[Extracted data entries]
________
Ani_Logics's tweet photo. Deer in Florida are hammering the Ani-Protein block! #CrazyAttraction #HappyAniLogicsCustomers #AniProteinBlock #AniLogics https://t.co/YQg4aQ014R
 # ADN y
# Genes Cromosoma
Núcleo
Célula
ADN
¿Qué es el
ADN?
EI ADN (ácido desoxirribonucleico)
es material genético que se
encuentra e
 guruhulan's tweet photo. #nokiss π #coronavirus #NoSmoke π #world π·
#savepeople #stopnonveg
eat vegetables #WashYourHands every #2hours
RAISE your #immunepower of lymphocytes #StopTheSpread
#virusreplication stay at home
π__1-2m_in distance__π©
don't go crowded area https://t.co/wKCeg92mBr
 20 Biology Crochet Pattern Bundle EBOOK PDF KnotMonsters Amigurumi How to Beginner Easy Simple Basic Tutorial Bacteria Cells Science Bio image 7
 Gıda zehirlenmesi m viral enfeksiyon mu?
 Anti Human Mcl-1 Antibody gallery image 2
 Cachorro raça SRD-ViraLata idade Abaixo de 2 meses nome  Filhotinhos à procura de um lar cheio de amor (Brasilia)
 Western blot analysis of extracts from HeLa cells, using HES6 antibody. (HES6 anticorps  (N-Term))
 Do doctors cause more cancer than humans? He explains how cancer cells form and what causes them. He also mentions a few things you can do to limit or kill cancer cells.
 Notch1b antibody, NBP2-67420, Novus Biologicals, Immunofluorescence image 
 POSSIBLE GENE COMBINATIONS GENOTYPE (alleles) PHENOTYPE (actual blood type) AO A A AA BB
________
**WORK TASK:**
From the first line to the last, transcribe the records exactly.

**RESULT OF THIS TASK:**
Ani_Logics's tweet photo. Deer in Florida are hammering the Ani-Protein block! #CrazyAttraction #HappyAniLogicsCustomers #AniProteinBlock #AniLogics https://t.co/YQg4aQ014R
 # ADN y
# Genes Cromosoma
Núcleo
Célula
ADN
¿Qué es el
ADN?
EI ADN (ácido desoxirribonucleico)
es material genético que se
encuentra e
 guruhulan's tweet photo. #nokiss π #coronavirus #NoSmoke π #world π·
#savepeople #stopnonveg
eat vegetables #WashYourHands every #2hours
RAISE your #immunepower of lymphocytes #StopTheSpread
#virusreplication stay at home
π__1-2m_in distance__π©
don't go crowded area https://t.co/wKCeg92mBr
 20 Biology Crochet Pattern Bundle EBOOK PDF KnotMonsters Amigurumi How to Beginner Easy Simple Basic Tutorial Bacteria Cells Science Bio image 7
 Gıda zehirlenmesi m viral enfeksiyon mu?
 Anti Human Mcl-1 Antibody gallery image 2
 Cachorro raça SRD-ViraLata idade Abaixo de 2 meses nome  Filhotinhos à procura de um lar cheio de amor (Brasilia)
 Western blot analysis of extracts from HeLa cells, using HES6 antibody. (HES6 anticorps  (N-Term))
 Do doctors cause more cancer than humans? He explains how cancer cells form and what causes them. He also mentions a few things you can do to limit or kill cancer cells.
 Notch1b antibody, NBP2-67420, Novus Biologicals, Immunofluorescence image 
 POSSIBLE GENE COMBINATIONS GENOTYPE (alleles) PHENOTYPE (actual blood type) AO A A AA BB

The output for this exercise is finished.